Autistic DM (he/him)
This came up in one of the Ravenloft threads and I am just curious: do you care about official aka "canon" lore for D&D, either the implied setting or a specific campaign world? Does it bother you if that lore is changed with editions? Should a new version of a setting be "required" to not contradict a previous version?

For my part, I don't care much at all. Chances are I am going to change some stuff anyway if I am using a published setting and if I am homebrewing chances are the stuff in the Monster Manual or whatever isn't relevant in the first place. I don't read novel lines or pour over setting books, so I probably wouldn't notice most changes anyway.
I both do and don't care, which is weird and seems contradictory.

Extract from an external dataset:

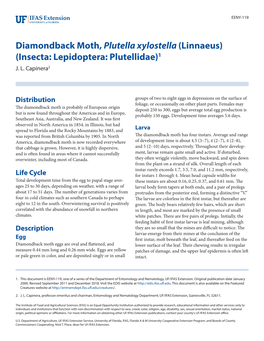 Diamondback Moth, Plutella Xylostella (Linnaeus) (Insecta: Lepidoptera: Plutellidae)1 J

One of my favorite settings is Eberron. In my Eberron campaign, I have researched a lot of the official lore and optional lore presented by Keith Baker on his blog. I broadly do follow the official lore, with a few tweaks and changes to minutia, but the "optional lore" is largely for inspiration. In my Eberron, Docents are created through capturing Quori spirits on the Material Plane inside of a complicated magical device (involving a hollow orb of a Siberys Dragonshard in the core of the Docent), a technology that was used during the Giant-Quori War in Xen'drik tens of thousands of years ago, and this secret was lost when the war ended (PCs can rediscover how to create Docents through exploring Xen'drik).

I'm not sure where I got that idea, but I know that I got at least part of it from the lore, someplace or another. I've even expanded this concept even more for if/when my players come across one of the only ways to learn this secret in Eberron (a 100,000 year-old Warforged Colossus created by the Giants' chief Artificers and Conjurers during the Giant-Quori War that's body is studded with hundreds of Docents, using its unique knowledge to allow the Quori trapped inside of the Docents to leave temporarily in Spirit-Form on the Material Plane, so this Warforged Colossus is surrounded by a cloud of incorporeal Quori).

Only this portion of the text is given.